▶ _INSTRUCTIONS TO FOLLOW_:
Give the data below again exactly as it stands. Omit the pictures.

▶ _INFORMATION PROVIDED_:
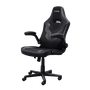 Trust GXT 703 RIYE Универсален стол за игри Черен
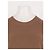Maglione Eric Bompard in lana marrone girocollo - vista 5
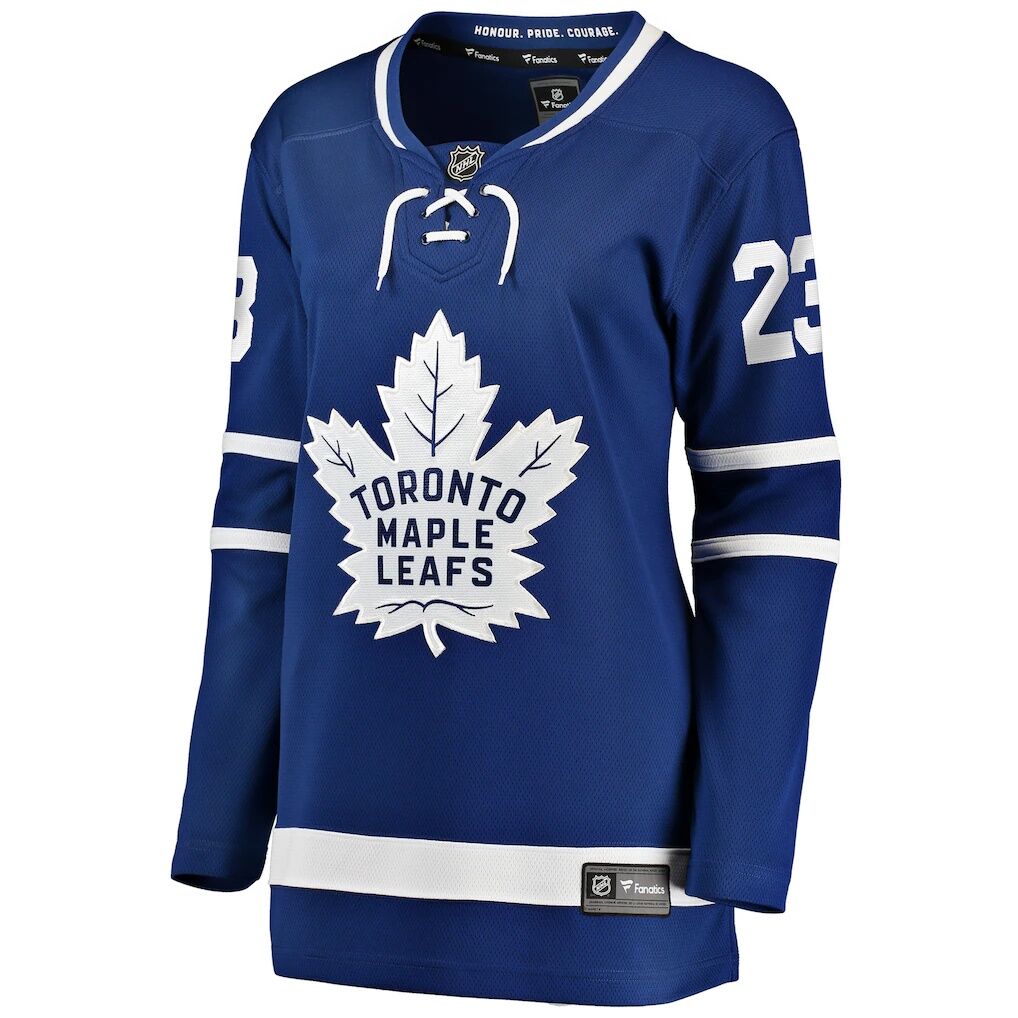 Matthew Knies Toronto Maple Leafs Fashion7 Women's Home Breakaway Jersey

▶ _RESPONSE AREA_:
 Trust GXT 703 RIYE Универсален стол за игри Черен
Maglione Eric Bompard in lana marrone girocollo - vista 5
 Matthew Knies Toronto Maple Leafs Fashion7 Women's Home Breakaway Jersey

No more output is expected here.